Friday, July 27, 2012

Segregation Curtailed in U.S. Cities

Segregation Curtailed in U.S. Cities, Study Finds
By SAM ROBERTS

William H. Frey, the chief demographer at the Brookings Institution, cautioned that “the report sends a potentially harmful message that black-white residential separation is no longer a priority issue in this country.

“While recent modest declines in black segregation levels are welcome, the 2010 census shows that the average black resident still lives in a neighborhood that is 45 percent black and 36 percent white,” he said. “At the same time, the average white lives in a neighborhood that is 78 percent white and 7 percent black. Black segregation levels are even higher for children, signaling the continued separation of black and white families across communities with different levels of resources available for schools and other services important for nurturing the next generation.”

John R. Logan, a Brown sociologist, said: “If we want to understand the long-term trends in segregation, we have to be aware both of the progress and of the resistance to change. We are far from the ‘end of segregation.’ ”

Still, Professors Glaeser and Vigdor found that only 20 percent of blacks now live in “ghetto” neighborhoods where 80 percent of the population or more is black, compared with nearly 50 percent who lived in similar neighborhoods a half-century ago.

The findings in the report, titled “The End of the Segregated Century,” for the Manhattan Institute’s Center for State and Local Leadership did not denigrate decades of desegregation efforts. In fact, the authors said, “there is every reason to relish the fact that there is more freedom in housing today than 50 years ago and to applaud those who fought to create the change.” But they concluded that housing desegregation was not a magic bullet in providing equal opportunity.
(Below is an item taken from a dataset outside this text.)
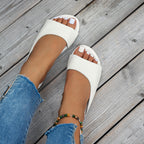 Sandales plates à la mode, chaussures d'été pour vacances en bord de mer, plage
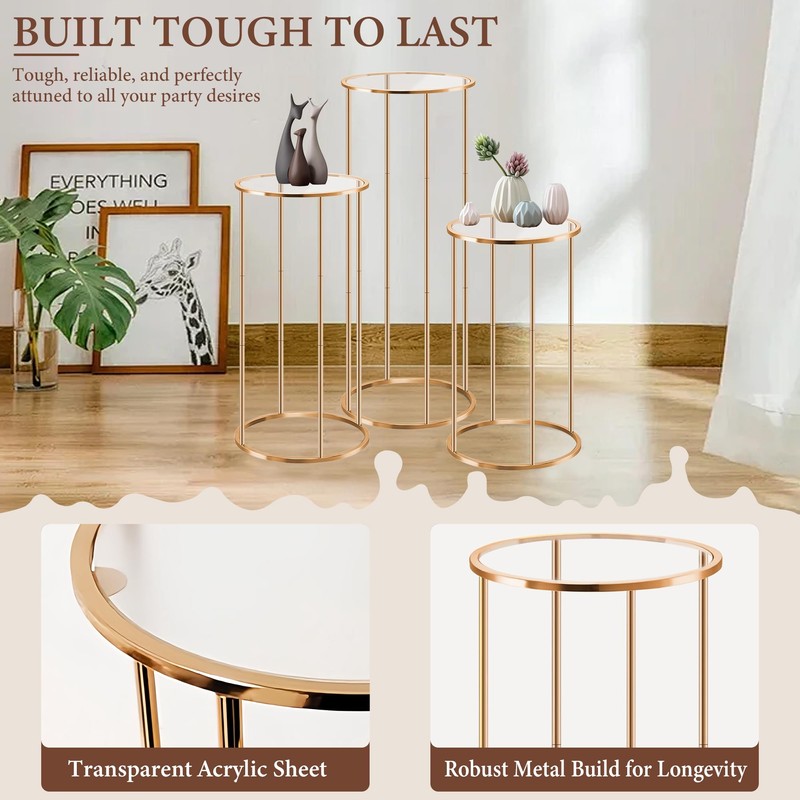 OIHYA 3PCS Cylinder Stands for Parties, Gold Metal Plant Cylinder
“Residential segregation has declined pervasively, as ghettos depopulate and the nation’s population center shifts toward the less segregated Sun Belt,” Professors Glaeser and Vigdor wrote. “At the same time, there has been only limited progress in closing achievement and employment gaps between blacks and whites.”

The study’s definition of neighborhood was borrowed from the census: a tract that is home to 1,500 to 7,500 people. The analysis relied on the two most common segregation indexes: dissimilarity, or the proportion of individuals of either group that would have to switch neighborhoods to achieve perfect integration, and isolation, which measures neighborhoods where the share of the population of one group surpasses the citywide average.

By the dissimilarity index, Dallas and Houston are the least segregated big cities.

Los Angeles fared best on the isolation index.


Among cities with the largest black population, Chicago, Cleveland, Detroit and St. Louis ranked highest in the dissimilarity index. Among metropolitan areas, Chicago, New York and Philadelphia did.

Since 1960, the share of blacks living in neighborhoods where they account for a minority of the population has risen to 59 percent from 30 percent.

“While it may be tempting to see the overwhelmingly white nature of many suburbs as evidence of stagnation or stasis, the presence of even modest numbers of African-Americans in suburbs demonstrates the remarkable change in American society,” the study said. “Indeed, measured by dissimilarity indices, suburbs are often among the most integrated parts of America.”

Only 424 of the nation’s 72,531 census tracts recorded no black residents. More than half were either in rural areas or in metropolitan regions where blacks account for less than 1 percent of the population. Every census tract in Connecticut, Maryland and New Hampshire recorded at least one black resident.